• Data extract
··········

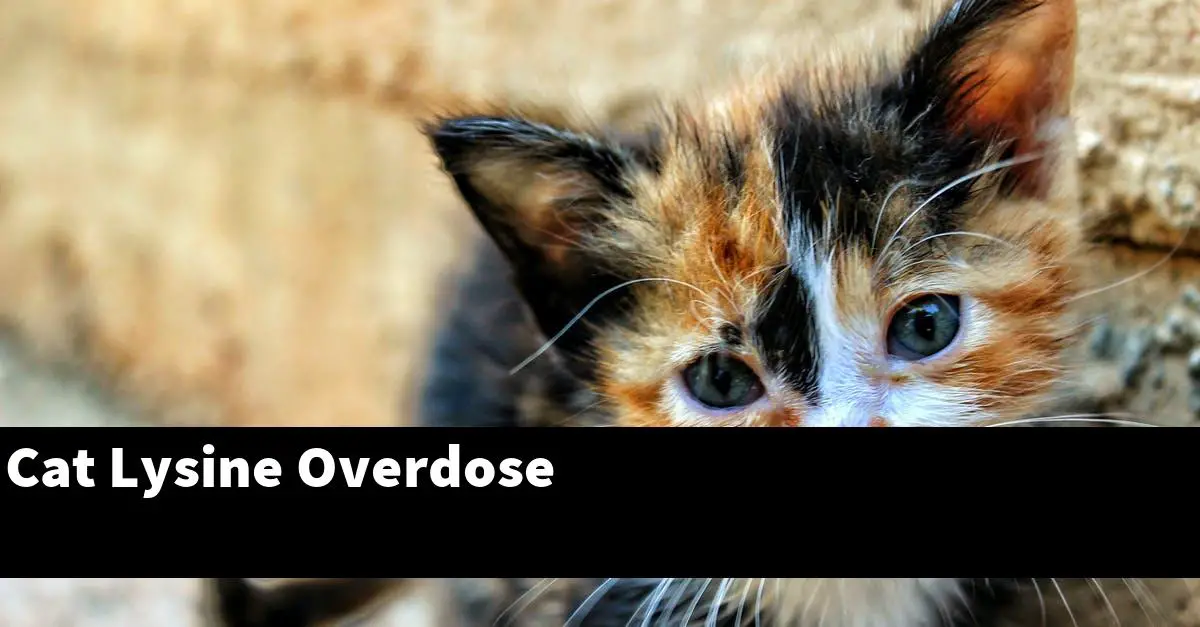 Cat Lysine Overdose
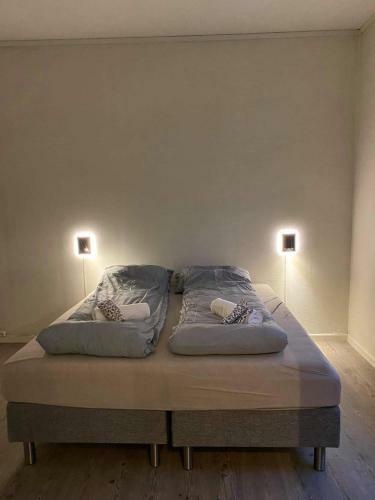 Fl�ien Apartments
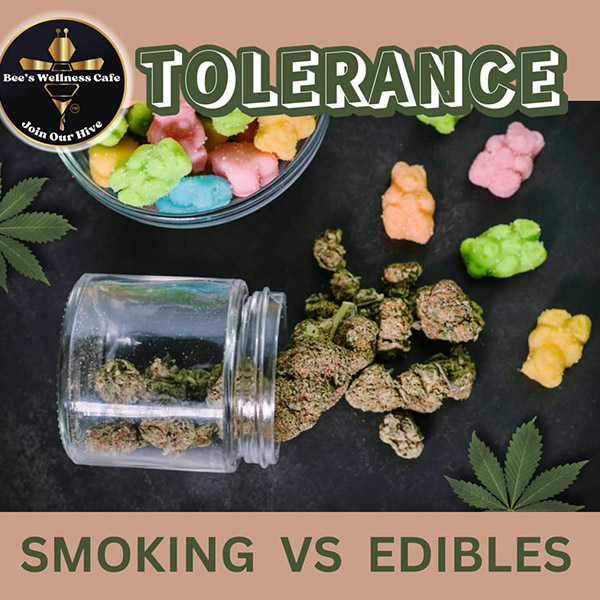 Navigating the Cannabis Journey: and Finding Your Balance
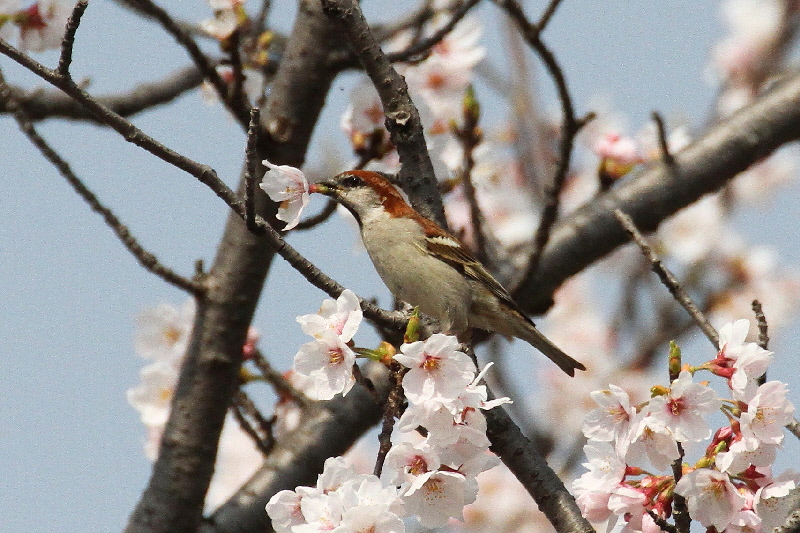 2019年桜と野鳥（７態-4）　さくら公園（八幡市）＆大谷川（八幡市）　2019/04/07-16　Photo by Manda　 （写真提供：　萬田）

··········

• The task
All that's required is the material above repeated exactly, minus any picture.

• Exercise result
 Cat Lysine Overdose
 Fl�ien Apartments
 Navigating the Cannabis Journey: and Finding Your Balance
 2019年桜と野鳥（７態-4）　さくら公園（八幡市）＆大谷川（八幡市）　2019/04/07-16　Photo by Manda　 （写真提供：　萬田）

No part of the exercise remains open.